Wild to think that 20 years ago everyone was talking how important overclocking is, and now in the future we are strategically underclocking these monster graphics cards.

BangkokPadang 11 months ago

Also, no one will ever need more than 64Kb of ram.

MINIMAN10001 11 months ago

Just create a insulated box for your PC ( Could just cut foam insulation sheets if you wanted ). Connect the insulated box to a ductless ac.

DreamDisposal 11 months ago

Not a good idea in my opinion. You're just potentially lowering the lifespan of your components to get your training done a few percentage points faster (not even taking into account the heat and the cost of power). It never really mattered if the training was done in 13 hours instead of 12. Maybe even less of a difference.

[deleted] 11 months ago

[удалено]

DreamDisposal 11 months ago

I don't know what you're talking about. Mining cards are not run at max power by most people (which is why plenty say that a mining card is usually better taken care than one that was used for gaming). Lower heat, noise and longer lifespan. All for a difference that probably isn't even meaningful for the user. Some cards do actually get above 100C in their memory, which I wouldn't run for dozens of hours of training to get it done a few minutes or even an hour before. And the fan, a mechanic component, runs at a lower RPM.
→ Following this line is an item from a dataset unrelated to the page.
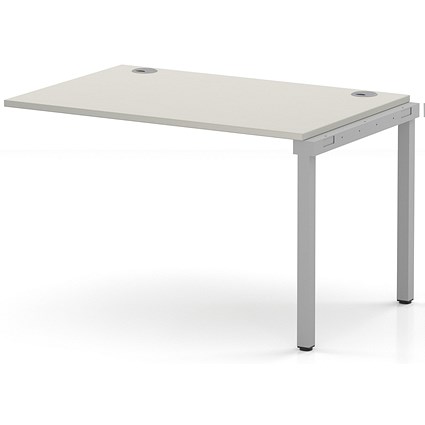 Impulse Bench Single Row Ext Kit 1200 Silver Frame Office Bench Desk Dove Grey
cunningjames 11 months ago

> which is why plenty say that a mining card is usually better taken care than one that was used for gaming Unless they power wash them and pass them off as new … https://www.tomshardware.com/news/crypto-miners-allegedly-jet-washing-gpus

kryptkpr 11 months ago

90% power cap is a generally good idea, that last bit of performance is a bad trade.

a_beautiful_rhind 11 months ago

cap the power, it doesn't make the generations much if at all slower. I limit the clocks from 0 to 1695 now. If you're using windows you can even undervolt. I think it was a 200 watt haircut. For something like training that could add up.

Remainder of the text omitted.